## TASK REQUIREMENTS
Only lines holding the word "Bath" are wanted from the records; copy all of them.

## DATA FOR THIS TASK
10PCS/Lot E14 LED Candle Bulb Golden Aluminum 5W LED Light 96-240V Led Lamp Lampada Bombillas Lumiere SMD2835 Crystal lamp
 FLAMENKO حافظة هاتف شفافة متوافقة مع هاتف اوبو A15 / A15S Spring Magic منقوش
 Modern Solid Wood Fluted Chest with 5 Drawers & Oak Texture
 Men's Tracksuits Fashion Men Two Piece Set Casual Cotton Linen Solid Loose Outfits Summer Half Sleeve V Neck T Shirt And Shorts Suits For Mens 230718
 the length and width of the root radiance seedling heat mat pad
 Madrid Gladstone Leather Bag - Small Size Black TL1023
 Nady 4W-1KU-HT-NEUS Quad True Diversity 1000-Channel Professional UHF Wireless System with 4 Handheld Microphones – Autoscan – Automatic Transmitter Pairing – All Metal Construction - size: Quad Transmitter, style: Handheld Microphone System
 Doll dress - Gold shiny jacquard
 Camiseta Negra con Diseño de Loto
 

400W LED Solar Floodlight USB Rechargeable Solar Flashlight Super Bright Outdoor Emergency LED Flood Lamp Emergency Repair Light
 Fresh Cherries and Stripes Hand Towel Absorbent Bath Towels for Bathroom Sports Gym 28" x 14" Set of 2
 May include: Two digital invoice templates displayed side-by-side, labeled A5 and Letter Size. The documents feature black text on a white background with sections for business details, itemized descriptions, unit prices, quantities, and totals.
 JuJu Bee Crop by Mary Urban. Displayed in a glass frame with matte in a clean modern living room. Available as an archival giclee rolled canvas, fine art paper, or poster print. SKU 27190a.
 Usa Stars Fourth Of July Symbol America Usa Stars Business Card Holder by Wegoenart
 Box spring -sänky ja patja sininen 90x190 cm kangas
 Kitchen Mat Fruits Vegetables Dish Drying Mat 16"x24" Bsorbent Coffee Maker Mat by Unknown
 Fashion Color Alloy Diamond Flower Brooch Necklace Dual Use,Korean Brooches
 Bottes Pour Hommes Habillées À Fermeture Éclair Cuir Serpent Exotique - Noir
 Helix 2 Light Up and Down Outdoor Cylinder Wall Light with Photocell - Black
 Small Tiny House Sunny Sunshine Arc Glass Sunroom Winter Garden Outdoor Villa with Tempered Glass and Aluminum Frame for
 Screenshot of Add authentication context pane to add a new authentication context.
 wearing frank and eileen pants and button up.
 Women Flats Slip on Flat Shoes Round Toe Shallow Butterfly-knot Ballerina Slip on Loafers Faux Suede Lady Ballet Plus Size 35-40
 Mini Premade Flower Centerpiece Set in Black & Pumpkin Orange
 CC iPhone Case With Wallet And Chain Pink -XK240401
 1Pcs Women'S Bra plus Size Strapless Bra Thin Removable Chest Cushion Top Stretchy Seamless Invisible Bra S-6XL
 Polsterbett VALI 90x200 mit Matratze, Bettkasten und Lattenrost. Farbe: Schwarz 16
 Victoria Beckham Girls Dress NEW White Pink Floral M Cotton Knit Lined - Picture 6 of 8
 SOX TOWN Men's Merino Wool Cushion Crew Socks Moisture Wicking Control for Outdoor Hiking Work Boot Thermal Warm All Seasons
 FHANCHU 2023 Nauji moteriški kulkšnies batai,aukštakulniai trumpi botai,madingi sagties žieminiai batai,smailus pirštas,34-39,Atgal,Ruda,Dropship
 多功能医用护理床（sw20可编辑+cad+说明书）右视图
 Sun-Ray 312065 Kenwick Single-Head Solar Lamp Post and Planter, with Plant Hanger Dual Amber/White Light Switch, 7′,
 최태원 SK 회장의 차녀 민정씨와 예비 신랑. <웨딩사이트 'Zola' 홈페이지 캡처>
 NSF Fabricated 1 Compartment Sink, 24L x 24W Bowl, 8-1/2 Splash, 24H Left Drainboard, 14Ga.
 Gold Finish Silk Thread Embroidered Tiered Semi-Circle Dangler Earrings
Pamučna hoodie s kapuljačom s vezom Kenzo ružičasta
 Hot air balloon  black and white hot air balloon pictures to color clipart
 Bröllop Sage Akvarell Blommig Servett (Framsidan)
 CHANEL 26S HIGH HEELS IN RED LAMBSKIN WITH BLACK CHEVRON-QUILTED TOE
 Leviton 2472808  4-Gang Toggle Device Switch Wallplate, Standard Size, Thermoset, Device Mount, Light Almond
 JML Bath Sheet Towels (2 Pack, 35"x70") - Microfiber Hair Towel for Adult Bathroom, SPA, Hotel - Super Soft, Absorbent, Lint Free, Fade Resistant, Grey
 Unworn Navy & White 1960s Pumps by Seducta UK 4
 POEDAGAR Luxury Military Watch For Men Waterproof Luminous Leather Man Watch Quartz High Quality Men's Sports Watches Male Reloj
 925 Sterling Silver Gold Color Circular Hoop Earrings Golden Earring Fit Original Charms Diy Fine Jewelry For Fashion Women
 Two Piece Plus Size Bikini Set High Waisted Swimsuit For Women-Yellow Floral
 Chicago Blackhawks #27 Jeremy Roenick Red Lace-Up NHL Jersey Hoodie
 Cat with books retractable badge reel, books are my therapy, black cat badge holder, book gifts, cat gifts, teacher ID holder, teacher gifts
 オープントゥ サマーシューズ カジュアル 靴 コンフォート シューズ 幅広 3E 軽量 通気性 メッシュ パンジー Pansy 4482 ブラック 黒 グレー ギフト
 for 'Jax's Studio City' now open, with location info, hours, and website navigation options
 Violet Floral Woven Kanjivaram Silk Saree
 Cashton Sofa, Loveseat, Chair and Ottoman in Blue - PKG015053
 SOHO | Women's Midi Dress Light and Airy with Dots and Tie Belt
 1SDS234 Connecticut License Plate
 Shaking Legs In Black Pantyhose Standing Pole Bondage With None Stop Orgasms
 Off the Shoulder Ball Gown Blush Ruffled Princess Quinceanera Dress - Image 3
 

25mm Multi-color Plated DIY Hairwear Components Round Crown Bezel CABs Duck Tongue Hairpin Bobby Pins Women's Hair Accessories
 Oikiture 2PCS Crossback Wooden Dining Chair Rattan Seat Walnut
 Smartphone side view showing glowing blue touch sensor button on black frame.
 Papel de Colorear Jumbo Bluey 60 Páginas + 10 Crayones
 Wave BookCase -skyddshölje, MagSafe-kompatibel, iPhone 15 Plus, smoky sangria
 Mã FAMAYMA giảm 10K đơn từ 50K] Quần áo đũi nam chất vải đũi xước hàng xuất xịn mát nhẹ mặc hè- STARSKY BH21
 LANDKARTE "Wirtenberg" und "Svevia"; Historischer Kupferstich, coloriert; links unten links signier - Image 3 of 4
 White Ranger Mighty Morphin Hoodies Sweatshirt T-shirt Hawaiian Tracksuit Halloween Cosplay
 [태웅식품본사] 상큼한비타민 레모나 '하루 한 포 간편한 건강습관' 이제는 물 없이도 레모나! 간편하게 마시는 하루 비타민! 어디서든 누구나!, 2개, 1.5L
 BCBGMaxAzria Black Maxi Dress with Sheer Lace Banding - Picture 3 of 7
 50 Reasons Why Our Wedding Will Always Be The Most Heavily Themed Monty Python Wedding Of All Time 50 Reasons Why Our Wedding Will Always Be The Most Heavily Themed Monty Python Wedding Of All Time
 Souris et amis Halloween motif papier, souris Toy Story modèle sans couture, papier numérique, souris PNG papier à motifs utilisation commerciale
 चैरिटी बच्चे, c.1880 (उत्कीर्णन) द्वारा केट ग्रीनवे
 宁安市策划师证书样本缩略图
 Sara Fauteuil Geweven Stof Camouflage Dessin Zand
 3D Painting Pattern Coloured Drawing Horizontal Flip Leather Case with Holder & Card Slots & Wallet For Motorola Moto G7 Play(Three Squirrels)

## FINAL ANSWER
 Fresh Cherries and Stripes Hand Towel Absorbent Bath Towels for Bathroom Sports Gym 28" x 14" Set of 2
 JML Bath Sheet Towels (2 Pack, 35"x70") - Microfiber Hair Towel for Adult Bathroom, SPA, Hotel - Super Soft, Absorbent, Lint Free, Fade Resistant, Grey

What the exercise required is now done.